The Increase in FGF23 Induced by Calcium Is Partially Dependent on Vitamin D Signaling

Background: Increased FGF23 levels are an early pathological feature in chronic kidney disease (CKD), causing increased cardiovascular risk. The regulation of FGF23 expression is complex and not completely understood. Thus, Ca(2+) has been shown to induce an increase in FGF23 expression, but whether that increase is mediated by simultaneous changes in parathyroid hormone (PTH) and/or vitamin D is not fully known.

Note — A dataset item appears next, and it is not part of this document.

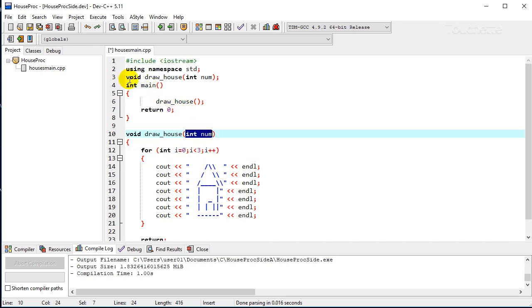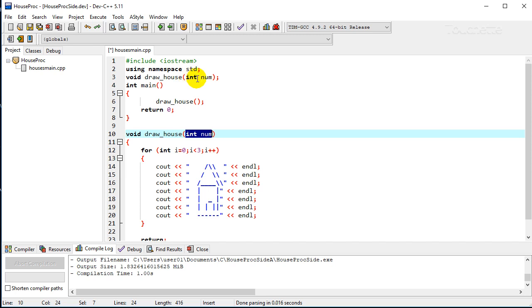So to do that, we're going to go up to our procedure prototype up here, draw house, and we're going to specify a parameter. Sometimes we call a parameter an argument. So you may hear some references refer to arguments instead of parameters. So we're going to say we've got one parameter and it's going to be called num and it's an integer. So we're going to set a whole number of houses and then we're going to specify the same thing in our function definition down here. We're passing in num.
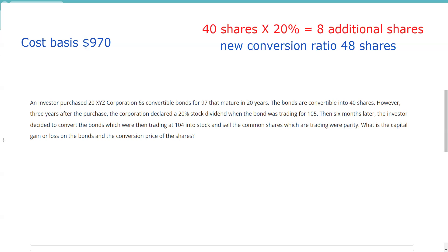Then six months later — so we're at three years and six months total — the investor decided to convert the bonds when they were trading at 104 (i.e., $1,040) and sell the common shares at parity. Parity means equal — in other words, what have I effectively paid for the stock when I convert at $1,040. Parity on the stock is calculated by taking the current market price of the convertible and dividing by the number of shares it's convertible into.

Methods: Osteoblast-like cells (OLCs) from vitamin D receptor (VDR)(+/+) and VDR(−/−) mice were incubated with Ca(2+) for 18 h. Experimental hypercalcemia was induced by calcium gluconate injection in thyro-parathyroidectomized (T-PTX) VDR (+/+) and VDR(−/−) mice with constant PTH infusion. Results: Inorganic Ca(2+) induced an increase in FGF23 gene and protein expression in osteoblast-like cells (OLCs), but the increase was blunted in cells lacking VDR. In T-PTX VDR (+/+) and VDR(−/−) mice with constant PTH levels, hypercalcemia induced an increase in FGF23 levels, but to a lower extent in animals lacking VDR. Similar results were observed in FGF23 expression in bone. Renal and bone 1α-hydroxylase expression was also modulated. Conclusions: Our study demonstrates that Ca(2+) can increase FGF23 levels independently of vitamin D and PTH, but part of the physiological increase in FGF23 induced by Ca(2+) is mediated by vitamin D signaling.